═════ Entries provided ═════
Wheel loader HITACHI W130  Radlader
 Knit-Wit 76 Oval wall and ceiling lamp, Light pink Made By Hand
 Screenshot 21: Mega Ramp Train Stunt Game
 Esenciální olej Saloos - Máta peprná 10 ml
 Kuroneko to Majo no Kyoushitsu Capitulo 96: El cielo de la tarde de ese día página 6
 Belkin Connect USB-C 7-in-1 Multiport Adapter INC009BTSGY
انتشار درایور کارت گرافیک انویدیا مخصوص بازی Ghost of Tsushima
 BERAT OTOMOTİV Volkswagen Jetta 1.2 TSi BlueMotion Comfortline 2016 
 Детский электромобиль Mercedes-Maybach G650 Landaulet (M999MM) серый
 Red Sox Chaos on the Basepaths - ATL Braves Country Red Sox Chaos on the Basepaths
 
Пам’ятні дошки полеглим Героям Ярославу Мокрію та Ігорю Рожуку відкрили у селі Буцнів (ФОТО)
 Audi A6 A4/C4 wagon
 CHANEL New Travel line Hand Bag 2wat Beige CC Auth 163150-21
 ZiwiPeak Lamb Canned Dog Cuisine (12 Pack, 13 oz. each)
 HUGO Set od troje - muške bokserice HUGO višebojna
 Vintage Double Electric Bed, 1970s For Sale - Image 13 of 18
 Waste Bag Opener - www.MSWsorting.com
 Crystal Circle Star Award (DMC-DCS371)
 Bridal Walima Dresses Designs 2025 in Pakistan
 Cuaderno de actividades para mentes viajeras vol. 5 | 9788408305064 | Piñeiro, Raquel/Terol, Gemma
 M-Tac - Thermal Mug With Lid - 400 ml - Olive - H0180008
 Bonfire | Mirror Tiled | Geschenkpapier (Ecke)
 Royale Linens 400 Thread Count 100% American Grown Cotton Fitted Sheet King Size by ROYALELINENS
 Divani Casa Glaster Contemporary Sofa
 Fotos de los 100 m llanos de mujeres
═════
Starting with the line that contains "Детский электромобиль Mercedes-Maybach", return each line through the last one of the data above, exactly as written and nothing more.

Task solution:
 Детский электромобиль Mercedes-Maybach G650 Landaulet (M999MM) серый
 Red Sox Chaos on the Basepaths - ATL Braves Country Red Sox Chaos on the Basepaths
 
Пам’ятні дошки полеглим Героям Ярославу Мокрію та Ігорю Рожуку відкрили у селі Буцнів (ФОТО)
 Audi A6 A4/C4 wagon
 CHANEL New Travel line Hand Bag 2wat Beige CC Auth 163150-21
 ZiwiPeak Lamb Canned Dog Cuisine (12 Pack, 13 oz. each)
 HUGO Set od troje - muške bokserice HUGO višebojna
 Vintage Double Electric Bed, 1970s For Sale - Image 13 of 18
 Waste Bag Opener - www.MSWsorting.com
 Crystal Circle Star Award (DMC-DCS371)
 Bridal Walima Dresses Designs 2025 in Pakistan
 Cuaderno de actividades para mentes viajeras vol. 5 | 9788408305064 | Piñeiro, Raquel/Terol, Gemma
 M-Tac - Thermal Mug With Lid - 400 ml - Olive - H0180008
 Bonfire | Mirror Tiled | Geschenkpapier (Ecke)
 Royale Linens 400 Thread Count 100% American Grown Cotton Fitted Sheet King Size by ROYALELINENS
 Divani Casa Glaster Contemporary Sofa
 Fotos de los 100 m llanos de mujeres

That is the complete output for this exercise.